Hello everyone. My name is Vibhu Srinivasan, and today’s topic is one that comes across quite a bit in workshops and when I work with agile teams. And the topic is do we have part-time members in a scrum team? And why do we need to have persistent teams? So let’s spend a few minutes looking at that question.
Let’s take an example of a marketing team and let’s say we have six people in this team and these people may have different skill sets. For example, we may have two of them who could be social media folks, we may have two members who are possibly copywriters and then may have two of them who are just good at writing like they are great at writing blogs. So, let’s say those are kind of long-lived scrum teams. Along with this team, we’ll have two more people. So we’ll have someone who prioritizes the work for the team. Oftentimes we call this person a product owner or a product manager. And then we have someone who is more of a scrum master nowadays, we call them an agile coach itself. Right? So, this unit of people is what we typically call a scrum team.
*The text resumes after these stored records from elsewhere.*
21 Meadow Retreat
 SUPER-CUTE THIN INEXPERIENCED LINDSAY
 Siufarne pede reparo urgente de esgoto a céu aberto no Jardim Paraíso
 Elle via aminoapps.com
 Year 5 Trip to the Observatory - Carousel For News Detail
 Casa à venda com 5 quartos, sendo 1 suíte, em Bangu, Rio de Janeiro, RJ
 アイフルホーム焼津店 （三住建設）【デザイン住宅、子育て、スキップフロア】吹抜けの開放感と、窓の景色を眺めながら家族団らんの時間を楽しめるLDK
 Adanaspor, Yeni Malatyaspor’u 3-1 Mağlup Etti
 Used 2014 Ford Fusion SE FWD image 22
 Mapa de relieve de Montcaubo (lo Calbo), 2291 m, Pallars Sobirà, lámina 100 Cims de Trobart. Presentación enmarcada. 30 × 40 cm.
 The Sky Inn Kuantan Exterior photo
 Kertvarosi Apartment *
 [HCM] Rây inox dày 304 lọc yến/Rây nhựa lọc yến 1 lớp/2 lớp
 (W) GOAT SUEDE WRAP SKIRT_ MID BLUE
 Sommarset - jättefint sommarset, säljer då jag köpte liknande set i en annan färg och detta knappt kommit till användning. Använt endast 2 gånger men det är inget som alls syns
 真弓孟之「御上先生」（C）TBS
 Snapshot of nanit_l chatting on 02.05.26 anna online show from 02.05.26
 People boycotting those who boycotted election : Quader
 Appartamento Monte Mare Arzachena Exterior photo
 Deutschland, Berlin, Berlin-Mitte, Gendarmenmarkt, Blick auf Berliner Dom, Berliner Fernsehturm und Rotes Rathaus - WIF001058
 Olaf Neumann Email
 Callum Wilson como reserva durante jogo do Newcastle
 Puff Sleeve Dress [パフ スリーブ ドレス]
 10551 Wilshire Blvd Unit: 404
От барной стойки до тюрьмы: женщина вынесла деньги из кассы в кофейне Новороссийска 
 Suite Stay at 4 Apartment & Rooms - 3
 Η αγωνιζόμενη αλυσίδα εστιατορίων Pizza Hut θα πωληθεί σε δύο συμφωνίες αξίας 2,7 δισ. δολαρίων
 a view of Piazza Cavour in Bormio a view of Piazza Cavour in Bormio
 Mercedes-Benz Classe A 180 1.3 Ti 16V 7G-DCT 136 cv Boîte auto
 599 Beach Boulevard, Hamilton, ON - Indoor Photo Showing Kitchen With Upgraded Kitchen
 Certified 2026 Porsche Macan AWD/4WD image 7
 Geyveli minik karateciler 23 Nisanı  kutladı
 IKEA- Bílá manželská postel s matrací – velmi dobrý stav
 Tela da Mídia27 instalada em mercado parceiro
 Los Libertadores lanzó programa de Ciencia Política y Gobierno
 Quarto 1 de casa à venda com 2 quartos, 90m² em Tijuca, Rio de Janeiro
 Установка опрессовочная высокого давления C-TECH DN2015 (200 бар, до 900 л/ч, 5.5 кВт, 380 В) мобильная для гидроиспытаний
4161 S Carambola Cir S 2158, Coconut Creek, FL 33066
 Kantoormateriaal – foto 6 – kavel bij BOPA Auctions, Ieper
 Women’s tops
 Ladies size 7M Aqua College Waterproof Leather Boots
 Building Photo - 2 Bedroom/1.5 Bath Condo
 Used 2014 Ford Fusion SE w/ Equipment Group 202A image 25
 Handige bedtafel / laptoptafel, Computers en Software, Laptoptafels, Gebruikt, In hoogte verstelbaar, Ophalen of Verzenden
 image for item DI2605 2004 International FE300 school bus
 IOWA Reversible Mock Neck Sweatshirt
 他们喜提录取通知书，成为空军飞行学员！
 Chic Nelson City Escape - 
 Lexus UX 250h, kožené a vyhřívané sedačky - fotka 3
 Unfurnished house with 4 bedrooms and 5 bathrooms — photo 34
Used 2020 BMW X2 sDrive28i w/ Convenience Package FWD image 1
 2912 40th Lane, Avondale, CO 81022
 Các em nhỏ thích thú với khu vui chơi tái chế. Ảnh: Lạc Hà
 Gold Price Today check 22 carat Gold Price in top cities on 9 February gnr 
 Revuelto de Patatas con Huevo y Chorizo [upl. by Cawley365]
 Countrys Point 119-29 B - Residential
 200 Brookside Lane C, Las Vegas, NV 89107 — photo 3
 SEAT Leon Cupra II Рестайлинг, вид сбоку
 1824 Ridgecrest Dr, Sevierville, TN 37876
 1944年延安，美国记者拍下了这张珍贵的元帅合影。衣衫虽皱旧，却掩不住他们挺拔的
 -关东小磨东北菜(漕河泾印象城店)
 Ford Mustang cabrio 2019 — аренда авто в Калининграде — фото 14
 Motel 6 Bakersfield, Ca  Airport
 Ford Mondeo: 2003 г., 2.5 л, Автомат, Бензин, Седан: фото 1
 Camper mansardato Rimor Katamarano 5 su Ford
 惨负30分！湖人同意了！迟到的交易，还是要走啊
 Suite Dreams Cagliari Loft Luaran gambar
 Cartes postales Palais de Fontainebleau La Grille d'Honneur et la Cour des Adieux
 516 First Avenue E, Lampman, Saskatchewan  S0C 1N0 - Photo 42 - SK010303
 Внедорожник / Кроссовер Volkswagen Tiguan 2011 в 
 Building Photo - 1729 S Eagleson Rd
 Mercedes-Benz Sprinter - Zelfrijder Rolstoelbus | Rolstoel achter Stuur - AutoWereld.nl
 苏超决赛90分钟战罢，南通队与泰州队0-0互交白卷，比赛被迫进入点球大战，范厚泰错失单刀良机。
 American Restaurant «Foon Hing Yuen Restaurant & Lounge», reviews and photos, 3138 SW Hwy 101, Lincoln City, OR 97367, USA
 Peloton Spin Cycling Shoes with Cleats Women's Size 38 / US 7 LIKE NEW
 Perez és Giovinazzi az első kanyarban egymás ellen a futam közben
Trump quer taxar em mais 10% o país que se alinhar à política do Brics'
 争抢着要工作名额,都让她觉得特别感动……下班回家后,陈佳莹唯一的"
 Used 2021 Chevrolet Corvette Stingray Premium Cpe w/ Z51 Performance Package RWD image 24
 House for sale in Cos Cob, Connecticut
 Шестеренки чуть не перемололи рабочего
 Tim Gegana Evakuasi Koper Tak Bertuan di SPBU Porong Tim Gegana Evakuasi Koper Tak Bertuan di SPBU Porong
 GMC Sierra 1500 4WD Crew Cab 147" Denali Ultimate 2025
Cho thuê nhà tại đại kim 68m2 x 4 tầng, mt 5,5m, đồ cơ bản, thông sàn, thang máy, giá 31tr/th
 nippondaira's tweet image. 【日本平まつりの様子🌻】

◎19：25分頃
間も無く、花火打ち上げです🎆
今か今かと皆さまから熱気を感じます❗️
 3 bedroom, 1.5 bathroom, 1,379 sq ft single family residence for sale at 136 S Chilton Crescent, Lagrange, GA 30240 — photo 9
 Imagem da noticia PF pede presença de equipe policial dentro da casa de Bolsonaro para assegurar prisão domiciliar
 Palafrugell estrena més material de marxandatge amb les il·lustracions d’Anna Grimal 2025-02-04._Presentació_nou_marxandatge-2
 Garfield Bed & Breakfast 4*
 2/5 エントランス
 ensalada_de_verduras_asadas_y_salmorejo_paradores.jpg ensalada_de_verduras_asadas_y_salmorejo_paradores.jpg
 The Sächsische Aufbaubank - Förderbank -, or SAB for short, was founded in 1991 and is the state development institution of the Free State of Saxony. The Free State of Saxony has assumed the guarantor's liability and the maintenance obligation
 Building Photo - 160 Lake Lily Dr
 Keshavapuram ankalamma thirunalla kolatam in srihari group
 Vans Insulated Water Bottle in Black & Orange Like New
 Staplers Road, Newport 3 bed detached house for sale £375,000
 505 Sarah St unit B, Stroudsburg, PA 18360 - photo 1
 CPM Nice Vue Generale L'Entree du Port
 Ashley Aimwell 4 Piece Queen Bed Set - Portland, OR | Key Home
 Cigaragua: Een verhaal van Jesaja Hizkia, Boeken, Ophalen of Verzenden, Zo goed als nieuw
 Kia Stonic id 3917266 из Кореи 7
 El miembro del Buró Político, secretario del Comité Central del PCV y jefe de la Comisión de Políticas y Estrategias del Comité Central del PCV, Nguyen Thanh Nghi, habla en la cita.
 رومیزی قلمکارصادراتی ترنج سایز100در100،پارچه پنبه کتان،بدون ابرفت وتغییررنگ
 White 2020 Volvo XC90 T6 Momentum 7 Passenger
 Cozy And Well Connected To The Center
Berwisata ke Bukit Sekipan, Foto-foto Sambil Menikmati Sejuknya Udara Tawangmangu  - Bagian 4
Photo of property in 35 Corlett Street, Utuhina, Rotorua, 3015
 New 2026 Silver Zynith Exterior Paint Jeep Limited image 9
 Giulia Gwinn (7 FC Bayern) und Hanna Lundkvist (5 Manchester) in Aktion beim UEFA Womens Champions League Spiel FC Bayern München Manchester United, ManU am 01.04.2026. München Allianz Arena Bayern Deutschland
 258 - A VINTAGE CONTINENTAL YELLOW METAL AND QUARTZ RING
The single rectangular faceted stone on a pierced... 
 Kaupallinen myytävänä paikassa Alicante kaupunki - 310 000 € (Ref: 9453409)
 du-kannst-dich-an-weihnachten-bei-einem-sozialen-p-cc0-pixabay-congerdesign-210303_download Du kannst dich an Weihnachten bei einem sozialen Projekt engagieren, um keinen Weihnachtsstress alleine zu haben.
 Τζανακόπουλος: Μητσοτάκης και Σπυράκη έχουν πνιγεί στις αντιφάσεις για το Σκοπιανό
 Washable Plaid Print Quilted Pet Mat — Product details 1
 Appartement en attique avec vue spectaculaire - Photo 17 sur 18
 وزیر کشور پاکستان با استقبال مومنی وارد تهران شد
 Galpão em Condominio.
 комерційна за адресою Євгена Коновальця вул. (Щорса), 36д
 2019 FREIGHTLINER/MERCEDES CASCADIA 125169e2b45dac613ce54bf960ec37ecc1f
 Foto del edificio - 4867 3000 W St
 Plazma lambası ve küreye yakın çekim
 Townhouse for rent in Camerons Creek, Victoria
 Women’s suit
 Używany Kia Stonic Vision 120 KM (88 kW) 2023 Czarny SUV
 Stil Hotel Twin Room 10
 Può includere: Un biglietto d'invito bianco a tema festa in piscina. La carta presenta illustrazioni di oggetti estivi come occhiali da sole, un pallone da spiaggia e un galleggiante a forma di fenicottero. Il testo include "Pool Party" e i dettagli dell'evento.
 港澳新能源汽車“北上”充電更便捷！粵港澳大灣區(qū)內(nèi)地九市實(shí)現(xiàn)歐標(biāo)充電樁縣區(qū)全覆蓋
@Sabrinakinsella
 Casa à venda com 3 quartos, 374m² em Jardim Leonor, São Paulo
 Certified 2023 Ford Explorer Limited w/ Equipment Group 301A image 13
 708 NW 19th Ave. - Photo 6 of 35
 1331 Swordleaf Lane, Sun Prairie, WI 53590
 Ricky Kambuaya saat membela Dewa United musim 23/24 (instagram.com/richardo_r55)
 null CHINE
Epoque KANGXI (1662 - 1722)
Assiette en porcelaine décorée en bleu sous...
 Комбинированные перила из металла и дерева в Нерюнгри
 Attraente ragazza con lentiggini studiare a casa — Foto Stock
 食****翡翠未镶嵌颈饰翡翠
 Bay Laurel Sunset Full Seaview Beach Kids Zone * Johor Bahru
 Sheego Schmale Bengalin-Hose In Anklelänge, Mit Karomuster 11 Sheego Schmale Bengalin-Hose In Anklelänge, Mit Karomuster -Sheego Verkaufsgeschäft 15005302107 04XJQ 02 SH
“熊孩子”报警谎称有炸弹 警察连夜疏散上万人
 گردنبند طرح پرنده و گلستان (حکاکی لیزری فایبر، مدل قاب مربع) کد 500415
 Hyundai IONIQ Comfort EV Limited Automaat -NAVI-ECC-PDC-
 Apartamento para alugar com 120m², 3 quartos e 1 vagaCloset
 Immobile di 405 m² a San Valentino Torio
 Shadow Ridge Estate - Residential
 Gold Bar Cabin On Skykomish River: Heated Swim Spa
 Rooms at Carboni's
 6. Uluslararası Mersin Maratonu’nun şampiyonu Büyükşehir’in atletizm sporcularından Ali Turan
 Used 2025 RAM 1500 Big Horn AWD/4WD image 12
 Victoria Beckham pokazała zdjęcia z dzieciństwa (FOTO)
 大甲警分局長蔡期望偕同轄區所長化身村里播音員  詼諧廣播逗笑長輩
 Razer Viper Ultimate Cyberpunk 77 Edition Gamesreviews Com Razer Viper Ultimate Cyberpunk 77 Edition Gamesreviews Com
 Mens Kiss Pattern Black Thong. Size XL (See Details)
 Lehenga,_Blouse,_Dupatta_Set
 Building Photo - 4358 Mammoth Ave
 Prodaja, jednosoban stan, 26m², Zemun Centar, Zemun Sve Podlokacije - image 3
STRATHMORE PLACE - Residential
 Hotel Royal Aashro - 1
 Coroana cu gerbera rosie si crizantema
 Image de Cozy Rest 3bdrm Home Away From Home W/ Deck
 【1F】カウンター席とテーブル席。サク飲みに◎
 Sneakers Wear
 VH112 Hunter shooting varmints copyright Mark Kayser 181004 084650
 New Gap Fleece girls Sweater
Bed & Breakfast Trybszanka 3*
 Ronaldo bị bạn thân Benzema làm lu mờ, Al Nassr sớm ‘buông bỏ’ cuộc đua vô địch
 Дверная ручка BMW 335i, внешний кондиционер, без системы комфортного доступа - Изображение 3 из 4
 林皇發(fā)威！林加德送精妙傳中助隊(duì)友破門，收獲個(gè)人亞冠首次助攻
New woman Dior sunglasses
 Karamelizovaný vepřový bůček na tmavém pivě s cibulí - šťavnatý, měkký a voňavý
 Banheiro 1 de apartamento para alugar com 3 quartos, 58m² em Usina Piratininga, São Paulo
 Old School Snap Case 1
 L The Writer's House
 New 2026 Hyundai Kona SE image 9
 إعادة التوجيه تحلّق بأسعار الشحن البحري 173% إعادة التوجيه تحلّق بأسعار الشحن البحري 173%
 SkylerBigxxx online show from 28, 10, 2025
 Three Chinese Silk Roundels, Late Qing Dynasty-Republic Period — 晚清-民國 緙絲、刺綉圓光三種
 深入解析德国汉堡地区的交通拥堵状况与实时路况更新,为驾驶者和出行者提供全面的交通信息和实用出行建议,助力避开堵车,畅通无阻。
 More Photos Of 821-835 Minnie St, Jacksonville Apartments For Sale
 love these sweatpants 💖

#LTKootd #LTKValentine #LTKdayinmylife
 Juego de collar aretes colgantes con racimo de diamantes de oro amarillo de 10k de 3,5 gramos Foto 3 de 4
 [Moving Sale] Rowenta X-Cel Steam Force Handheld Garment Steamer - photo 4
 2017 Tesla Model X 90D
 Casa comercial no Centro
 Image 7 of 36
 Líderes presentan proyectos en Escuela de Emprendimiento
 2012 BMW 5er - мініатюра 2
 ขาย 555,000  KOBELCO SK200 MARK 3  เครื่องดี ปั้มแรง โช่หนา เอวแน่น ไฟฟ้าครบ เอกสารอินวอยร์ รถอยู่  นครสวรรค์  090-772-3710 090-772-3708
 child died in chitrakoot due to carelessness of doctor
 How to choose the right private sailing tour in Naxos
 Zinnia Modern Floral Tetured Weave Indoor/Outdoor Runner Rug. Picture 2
Now it could happen, this team might depend upon some people, Right? For example, they may depend upon a video person for editing the video. So that could be one part-time role. The second could be the people managers that these people report to so that those people need to know what’s happening. The third group could be some kind of security people who are interested in the content that’s been published. They make sure the videos are secure and they’re not posting stuff that’s been not supposed to post. So these are the people that this team depends upon to get their work done. I would like to call them team friends.
Our goal over time is to learn from our friends and then remove the dependencies over time.